Diaz pun mengaku siap kembali ke Melaka untuk melanjutkan latihannya.
“Saya akan kembali ke Melaka. Bagi saya, saya masih perlu melanjutkan latihan untuk mempertahankan status saya.
“Kami tidak selalu akan menjadi juara dan masih harus berlatih dan bekerja keras.
“Saya pikir Melaka adalah tempat terbaik untuk pelatihan saya selama pandemi ini,” tambahnya.
Terjebak PPKM (PKP istilah malaysianya) di Melaka
Diaz dan timnya tiba di Malaka 10 bulan lalu untuk mendirikan kamp pelatihan bagi upaya Zamboanguena untuk lolos ke Tokyo 2020 untuk apa yang bisa menjadi Olimpiade keempat berturut-turut sejak Beijing 2008 ketika dia masih berusia 18 tahun.
Tetapi pandemi Covid-19 melanda dan dunia terdiam dan Tim Diaz menemukan diri mereka terdampar di Malaysia.
Jangan khawatir untuk Diaz, pelatih kekuatan dan pengkondisiannya Julius Naranjo dan Pelatih Cina Kaiwan Gao meskipun karena pemerintah Malaysia menyambut tim dengan tangan terbuka dan memberi mereka visa selama setahun yang berakhir, ya, pada hari ulang tahun Olimpiade.
“Mereka [pemerintah Malaysia] memberi kami visa selama satu tahun dan mereka memperlakukan kami seperti keluarga di sini,” kata Diaz kepada BusinessMirror pada hari Jumat. "Mereka memperlakukan kami seperti mereka sendiri dan mereka membiarkan kami berlatih di pusat pelatihan mereka ketika saya tidak punya tempat untuk berlatih."
Diaz akan secara resmi mengklaim tiketnya ke Tokyo di kejuaraan dunia yang diselenggarakan Tashkent dari 15 hingga 25 April.

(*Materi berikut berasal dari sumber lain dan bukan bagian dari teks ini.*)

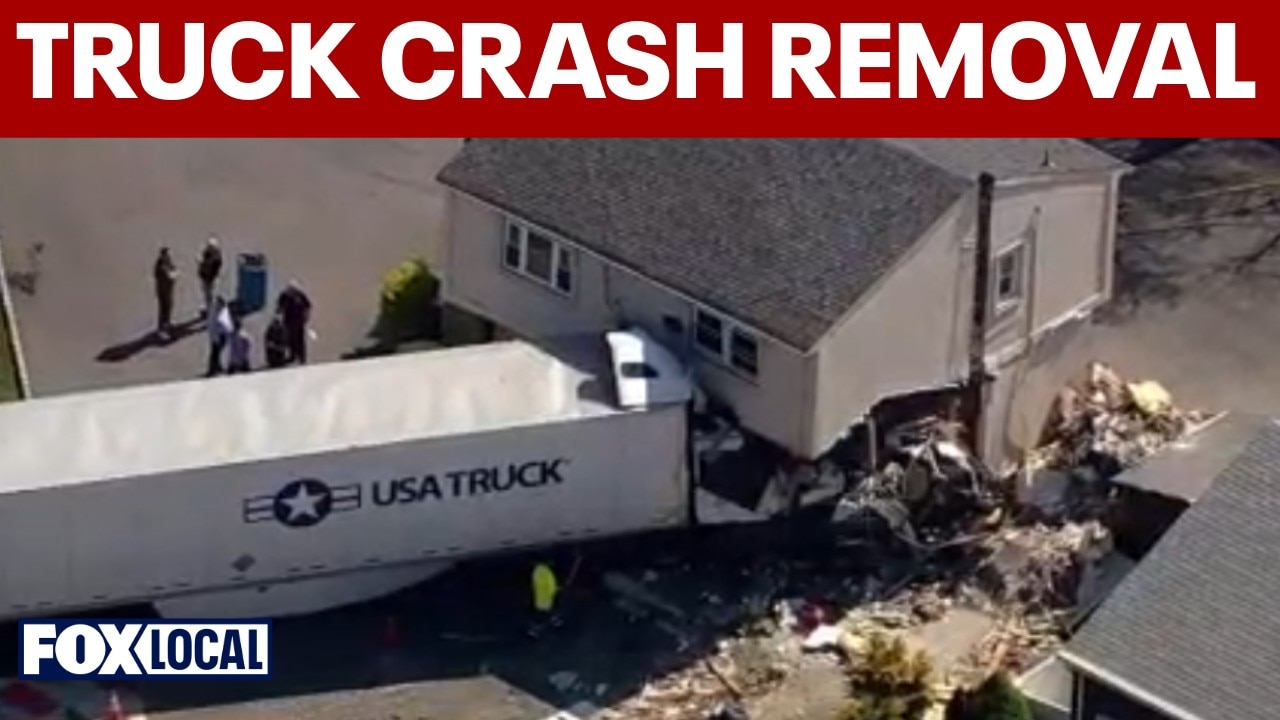 Crews working to remove truck that crashed into building in Clifton, NJ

Yang dia butuhkan hanyalah melangkah di jalur kompetisi, mengangkat barbel, dan secara resmi mengklaim slot ke Olimpiade.
Dunia Tashkent akan menjadi turnamen yang disetujui oleh Federasi Angkat Berat Internasional keenam Diaz, persyaratan minimum bagi seorang atlet angkat besi untuk lolos ke Tokyo — selama Anda berada di 8 besar dunia di kelas berat Anda.

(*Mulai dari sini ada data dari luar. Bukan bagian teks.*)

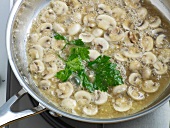 Close-up of herbs and mushrooms being boiled in pan for reduction, step 3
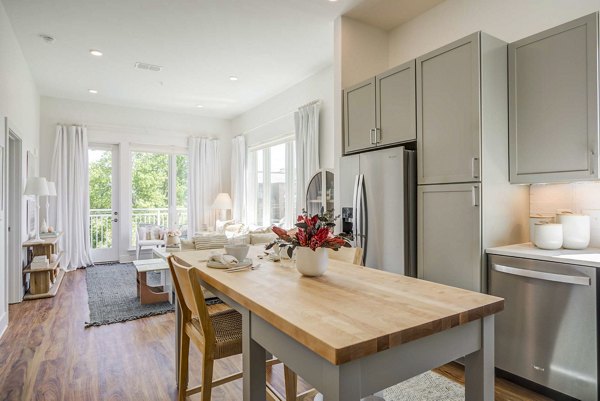 Dining room with chic lighting and modern decor at Queens Wedgewood Houston Apartments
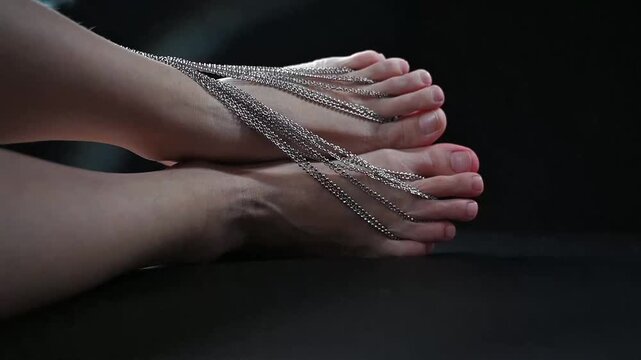Foot fetish. Close-ups of naked female feet with silver chain jewelry.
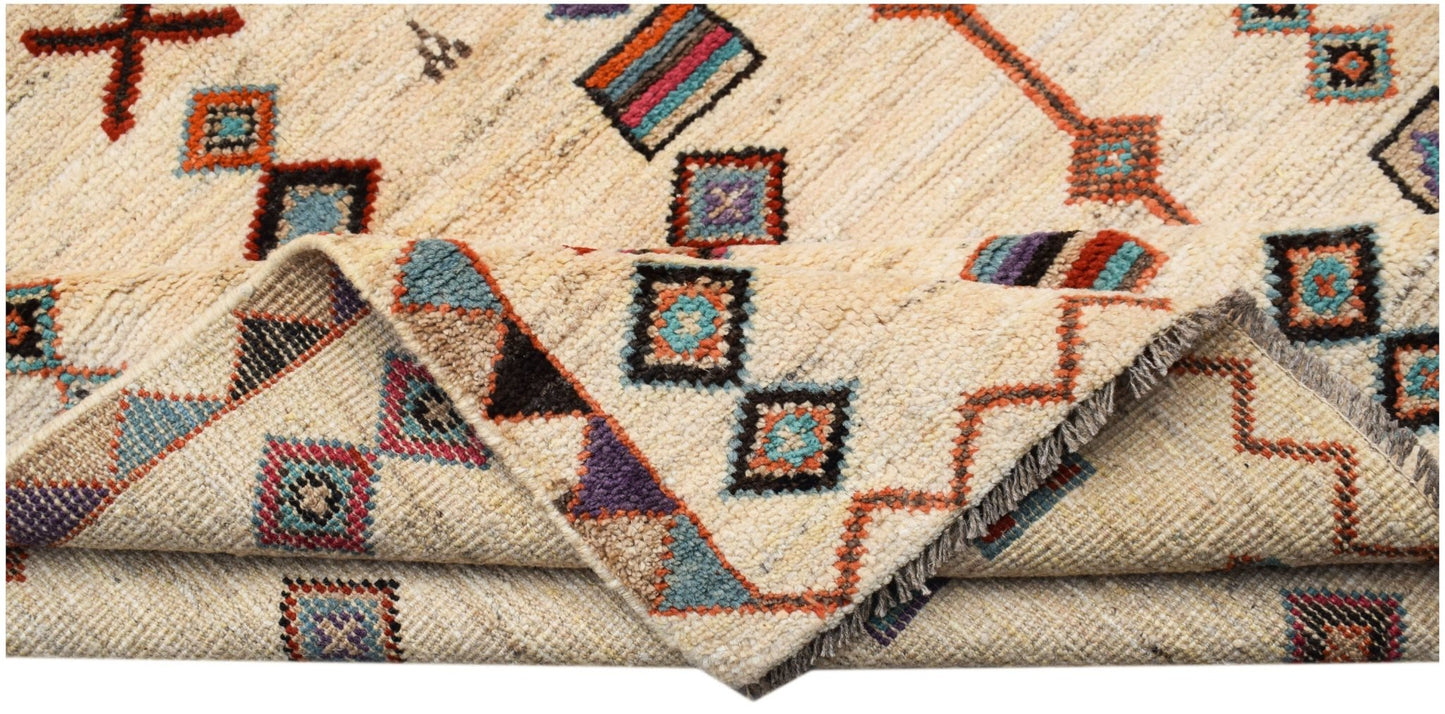 A hand-knotted Afghan wool rug featuring a cream background with colorful geometric patterns.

“Mereka [pemerintah Malaysia] menemukan cara untuk membantu saya dan pelatih saya,” katanya. "Tidak ada persaingan di sini, kami adalah keluarga di sini."

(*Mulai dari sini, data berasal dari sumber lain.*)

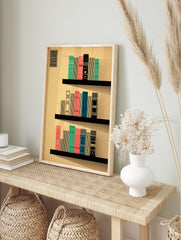 Modern bookshelf art print with geometric books in teal, coral, and blue on black shelves against a beige background. - Image 3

Diaz mengatakan bahwa dia telah menikmati Malaka sejak itu.
"Seharusnya itu hanya pelatihan isolasi di sini di Malaysia," katanya. "Kami tidak pernah berharap untuk tinggal di sini terlalu lama."
Naranjo mengatakan mereka telah belajar untuk menikmati komunitas Malaysia.
"Kami diperlakukan seperti anggota keluarga mereka yang sebenarnya," katanya. "Kami menyesuaikan dengan apa pun yang terjadi dan itu yang terbaik untuk Hidilyn dan tim intinya."
Jika dia tidak mengangkat baja, Diaz memasak masakan Filipina seperti adobo dan tinolang manok. Mereka belajar untuk menyukai makanan halal tetapi mereka berhasil menikmati daging babi setidaknya sekali seminggu.
“Seminggu sekali, kami makan babi di restoran Cina,” kata Diaz, yang menjalani delapan hingga sembilan sesi pelatihan seminggu dan juga menghadiri kelas online.